Se estivesse conversando com pessoas responsáveis pela edificação da Igreja, este seria um assunto muito proveitoso, e me alongaria nele por mais tempo; mas mantendo nosso foco, diria que nós costumamos tomar o livro de Atos e as Epístolas com o propósito de estabelecer a técnica da Igreja. Adotamos seu conteúdo como um sistema cristalizado de práticas, regras, formas e ensinos, e o erro contido em tal atitude é simplesmente que a técnica é apenas algo em si mesmo, deixando o Senhor Jesus de fora, esquecido. Me pergunto se você compreende o que quero dizer? A maneira pela qual o Espírito Santo age é tomando Cristo e revelando-O ao coração, mostrando que Cristo é a ordenança celestial, e não aquilo que as Epístolas estabeleceram como se fosse um manual ou uma ordem celestial. Cristo é a ordenança, e tudo em matéria de ordenança deve estar diretamente relacionado à Ele. Se essa ordenança se tornar em um mero objeto desassociado de Cristo, passa a fazer parte de um sistema terreno; e poderemos constituir uma centena de sistemas terrenos baseados nas epístolas. Esses sistemas são criados para apoiar as diferentes interpretações, representadas aqui por ordenanças cristãs desassociadas da Pessoa de Cristo.
Sabemos que existem inúmeros assuntos, temas e ensinos.
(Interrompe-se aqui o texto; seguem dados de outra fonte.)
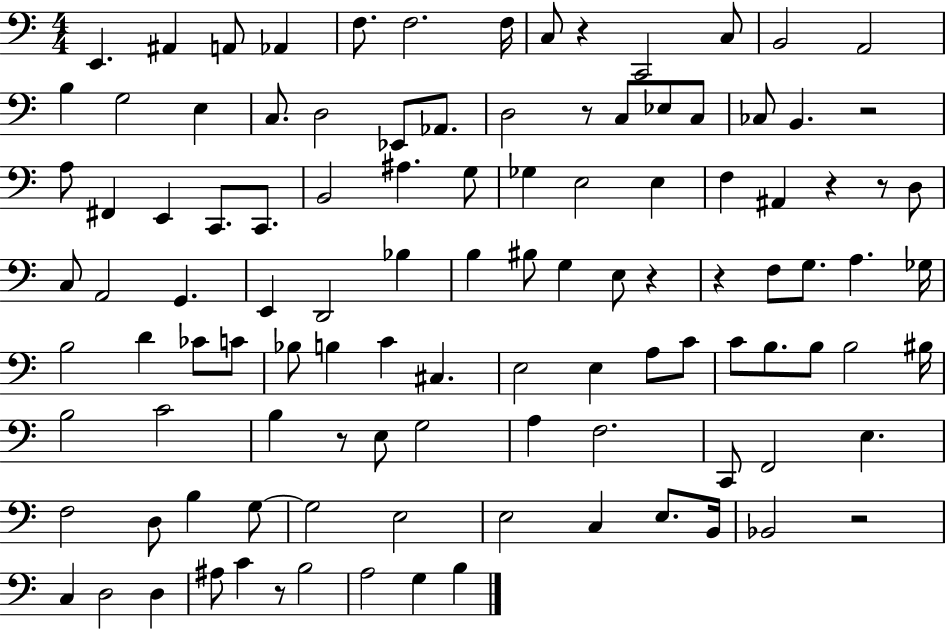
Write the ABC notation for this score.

X:1
T:Untitled
M:4/4
L:1/4
K:C
E,, ^A,, A,,/2 _A,, F,/2 F,2 F,/4 C,/2 z C,,2 C,/2 B,,2 A,,2 B, G,2 E, C,/2 D,2 _E,,/2 _A,,/2 D,2 z/2 C,/2 _E,/2 C,/2 _C,/2 B,, z2 A,/2 ^F,, E,, C,,/2 C,,/2 B,,2 ^A, G,/2 _G, E,2 E, F, ^A,, z z/2 D,/2 C,/2 A,,2 G,, E,, D,,2 _B, B, ^B,/2 G, E,/2 z z F,/2 G,/2 A, _G,/4 B,2 D _C/2 C/2 _B,/2 B, C ^C, E,2 E, A,/2 C/2 C/2 B,/2 B,/2 B,2 ^B,/4 B,2 C2 B, z/2 E,/2 G,2 A, F,2 C,,/2 F,,2 E, F,2 D,/2 B, G,/2 G,2 E,2 E,2 C, E,/2 B,,/4 _B,,2 z2 C, D,2 D, ^A,/2 C z/2 B,2 A,2 G, B, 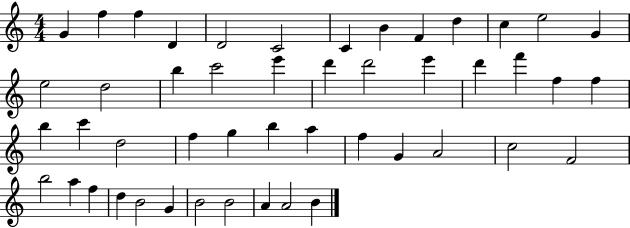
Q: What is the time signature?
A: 4/4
Temos o “reino de Deus”, a “santificação”, a “vida eterna”, a “vida vitoriosa”, “o vencedor”, “a segunda vinda de Cristo”. Todas essas coisas não passam de assuntos, temas, verdades, como denominamos, e têm sido tomadas e desenvolvidas a partir das Escrituras, ocupando bastante as pessoas, capturando seu interesse, mas são tomadas como objetos de estudo. Assim, certas pessoas se associam em torno do ensino da santificação, como se fosse um “santificacionalismo”, ou seja, tornando isso em um “ismo”. Outras pessoas se concentram no Segundo Advento, na Vinda do Senhor, no tema da profecia, e tudo mais. Essa é a causa de existirem grupos como esses. Acredito que isso seria impossível se a Pessoa do Senhor Jesus fosse o centro de tudo. O que é o Reino de Deus? É Cristo. Se vislumbrarmos de maneira correta os Evangelhos, veremos que o Reino de Deus é Jesus Cristo. Se estamos de maneira viva em Cristo, também estamos no Reino, e conheceremos cada detalhe do reino à medida que o Espírito Santo nos ensinar Cristo. Em primeiro lugar, o Reino não é algo em si mesmo. Quando o reino for manifestado universalmente, será simplesmente a expressão e a manifestação de Cristo, e isso é tudo. Você chega ao Reino em e por meio de Cristo; e o mesmo é verdade para tudo mais.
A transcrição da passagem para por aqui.